Jordan’s Textile And Apparel Sector: Small But Significant

The textile and apparel industry in the Hashemite Kingdom Of Jordan — a Middle Eastern country
sandwiched between Israel, Saudi Arabia, Iraq and Syria — is relatively small, but it is one of
Jordan’s main industrial sectors. In that country, which has a population of more than 6.5 million
and a labor force of nearly 1.8 million, the textile and apparel industry employs approximately
60,000 people, according to the World Bank, and the apparel sector accounts for approximately 30
percent of export earnings. In 2011, Jordan’s exports of textile yarn, fabrics, made-up articles,
related products and apparel totaled US$1.05 billion, according to the Central Bank of Jordan’s
(CBJ’s) preliminary figures.

Trade Agreements

Jordan’s textile and apparel industry has benefited from numerous free trade agreements
(FTAs) the country has signed as part of efforts to strengthen international cooperation and trade
and increase its exports. Jordan has signed FTAs with the United States, European Union, European
Free Trade Association, the Greater Arab Free Trade Area, Morocco, Turkey, Singapore and Canada.

Both the Jordan-United States FTA and the Qualified Industrial Zone (QIZ) agreement have
significantly increased Jordan’s access to the U.S. market. The Jordan-United States FTA went into
force in 2001 and allows Jordanian products to enter the United States duty-free. The QIZ agreement
went into force in 1996 and allows Jordanian products made in designated areas and containing
Israeli inputs to enter the United States duty-free and quota-free. Together, the agreements have
contributed to an increase in Jordan’s apparel and textile exports to the United States from US$50
million annually before 1999 to US$1 billion in 2010, according to a MENA Knowledge and Learning
report published by the World Bank in February 2012. In 2010, the United States constituted 93
percent of Jordan’s total apparel exports, the CBJ reports.

According to the U.S. Department of Commerce International Trade Administration’s Office of
Textiles and Apparel’s (OTEXA’s) Nov. 5, 2012, Major Shippers Report, Jordan accounted for
approximately US$959.3 million and approximately 179.9 million square-meter equivalents of total
textile and apparel imports into the United States in the year ending September 2012. Textiles and
apparel produced in Jordan’s QIZs accounted for approximately US$63.1 million of those exports to
the United States.

Jordan’s exports to the United States go through two main seaports in the Middle East, Aqaba
and Haifa, which are among the fastest suppliers to the East Coast and offer shipping lead times of
less than three weeks.

The Jordanian textile and apparel industry’s U.S. customers include brands and retailers such
as Gap, JCPenney, Levi Strauss & Co., Liz Claiborne, Calvin Klein, Tommy Hilfiger, Walmart,
Kmart, Limited, Sears, Columbia, New York Laundry and Victoria’s Secret.

Possible Setbacks

Jordan has been faced with numerous issues impacting its textile and apparel industry.

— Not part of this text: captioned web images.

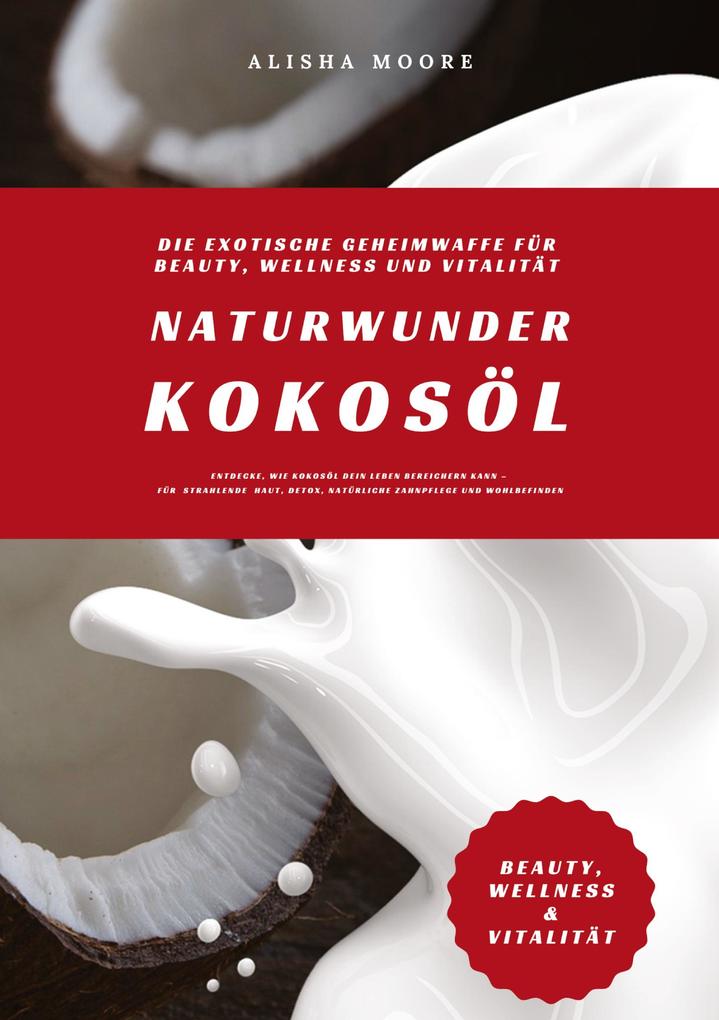 Produktbild: Naturwunder Kokosöl: Die exotische Geheimwaffe für Beauty, Wellness und Vitalität (Entdecke, wie Kokosöl dein Leben bereichern kann - für strahlende Haut, Detox, natürliche Zahnpflege & Wohlbefinden) | Alisha Moore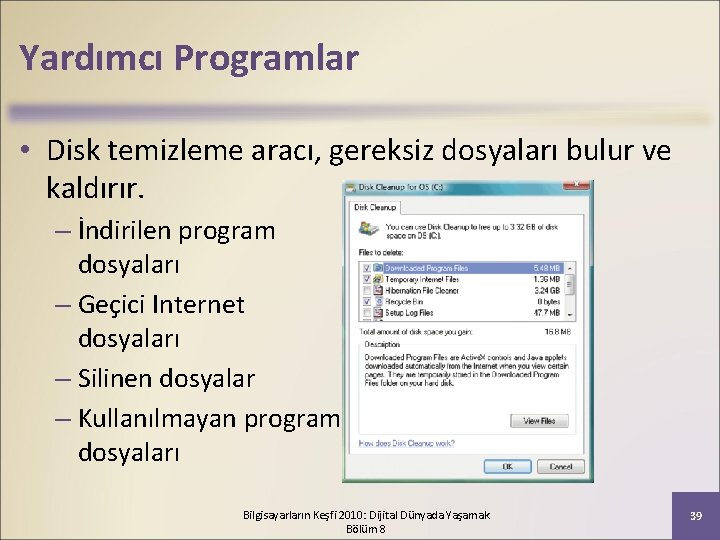 Yardımcı Programlar • Disk temizleme aracı, gereksiz dosyaları bulur ve kaldırır. – İndirilen program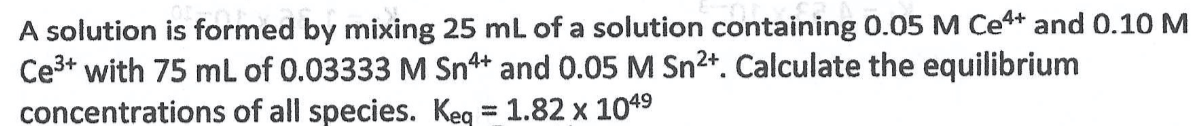 A Solution Is Formed By Mixing 25 Ml Of A Solution Containing 0 05 M Ce4 And 0 10 M Ce3 With 75 Ml Of 0 03333 M Sn4 A 1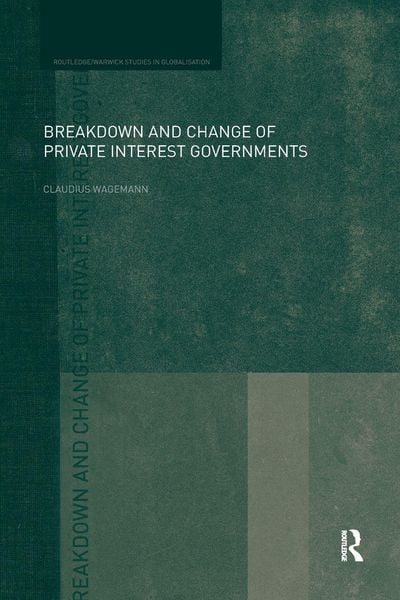 Produktbild: Breakdown and Change of Private Interest Governments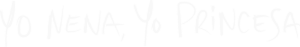 Logo Yo Nena, Yo Princesa (2021)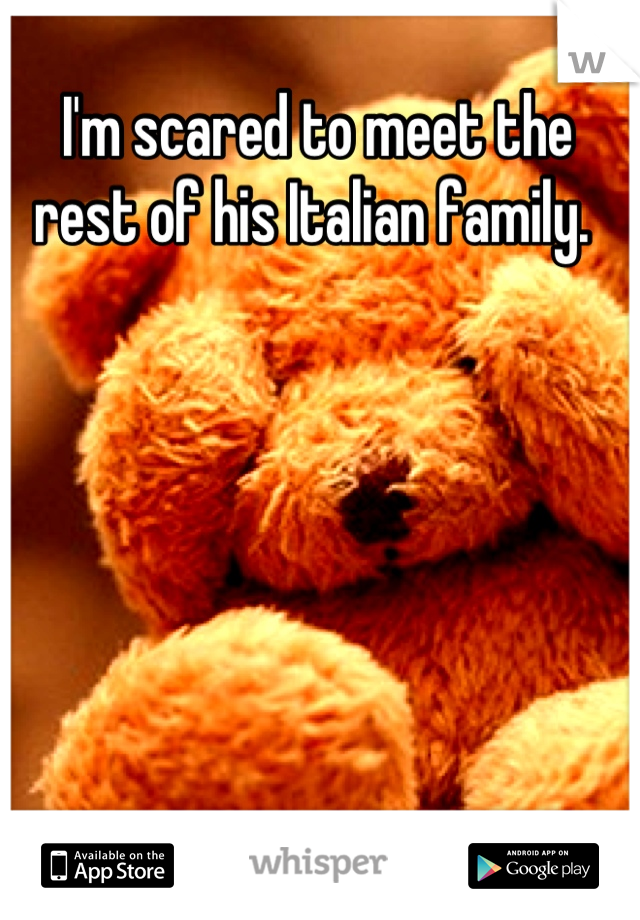 I'm scared to meet the rest of his Italian family.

A
decreasing natural gas supply to the country and increasing oil prices have necessitated the import
of more expensive fuel to generate electricity. This energy crisis, combined with regional tensions
and the global economic downturn, has contributed to a slowdown in Jordan’s economic growth.

Another problem within Jordan’s textile and apparel industry is labor unrest. Several of the
country’s news agencies have reported strikes by factory workers demanding increased wages,
improved health insurance coverage and other benefits. Earlier this year, the Institute for Global
Labour and Human Rights reported labor violations at a Jordanian apparel factory, alleging that
hundreds of guest workers were forced to work overtime hours without adequate pay or health

Jordan is working to improve labor conditions and human rights in the textile and apparel
sector and elsewhere. In 2008, Better Work Jordan — a partnership between the International Labour
Organisation and the World Bank’s International Finance Corp. — was launched with the goal of
improving compliance with labor standards in the apparel-manufacturing sector. The Ministry of
Labour has mandated that all apparel-producing and -exporting factories participate in the program,
which aims to boost the domestic workforce and to make the sector more competitive internationally
by producing higher-end products.

More than two-thirds of jobs in Jordan’s textile and apparel sector are held by guest
workers, primarily from Bangladesh, India and Sri Lanka. The Ministry of Labour has urged employers
in the sector to reduce their dependence on foreign employees — especially considering Jordan’s
high unemployment rate, which was 12.9 percent in 2011, according to Jordan’s Department of
Statistics. Last year, the Jordan Garments, Accessories, & Textiles Exporters’ Association
announced there were 5,000 available jobs for Jordanians in apparel factories, but the organization
was unable to fill the openings. The Ministry of Labour is offering vocational training programs to
Jordanian workers in conjunction with Better Work Jordan’s efforts to boost domestic employment.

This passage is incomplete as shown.